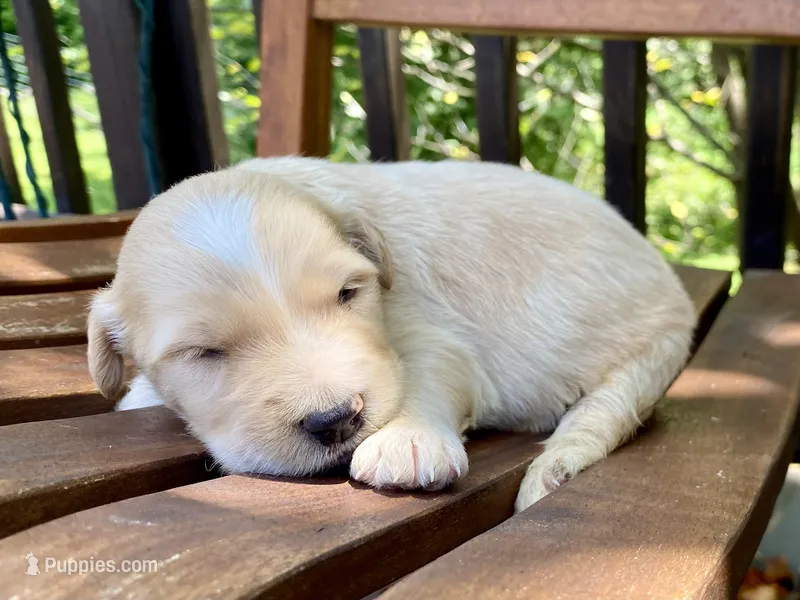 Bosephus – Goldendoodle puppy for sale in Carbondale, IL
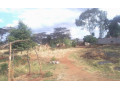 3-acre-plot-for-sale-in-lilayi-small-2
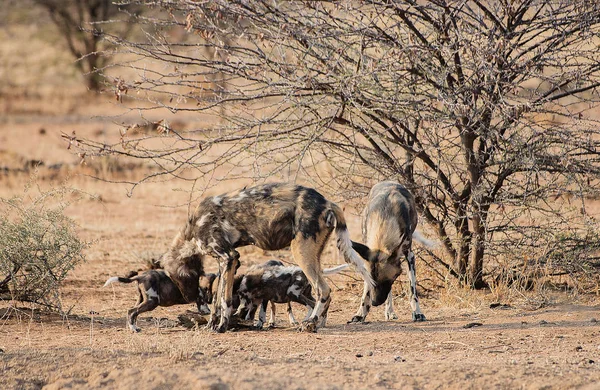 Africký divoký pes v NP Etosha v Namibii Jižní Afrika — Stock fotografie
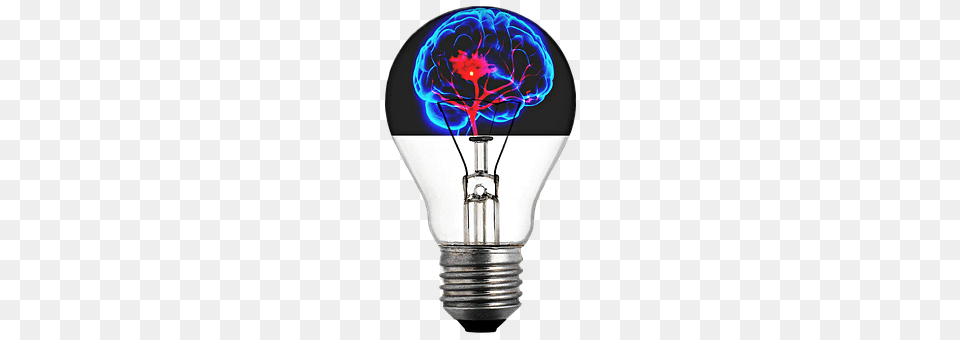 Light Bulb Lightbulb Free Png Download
---+---
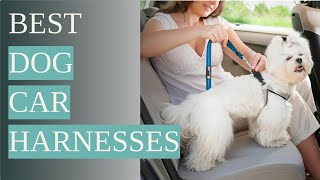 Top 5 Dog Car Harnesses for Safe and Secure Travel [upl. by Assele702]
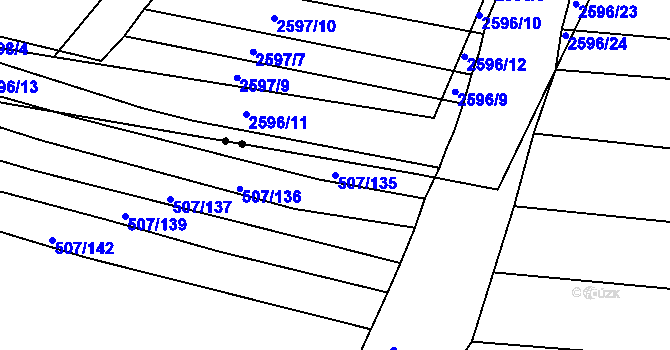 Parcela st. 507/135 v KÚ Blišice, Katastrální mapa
---+---
ASSIGNMENT
Copy the entries above exactly, but only the stretch from the line containing "Bosephus – Goldendoodle" through the line containing "Light Bulb Lightbulb Free Png Download". Keep both end lines; drop the pictures.

ANSWER AREA
 Bosephus – Goldendoodle puppy for sale in Carbondale, IL
 3-acre-plot-for-sale-in-lilayi-small-2
 Africký divoký pes v NP Etosha v Namibii Jižní Afrika — Stock fotografie
 Light Bulb Lightbulb Free Png Download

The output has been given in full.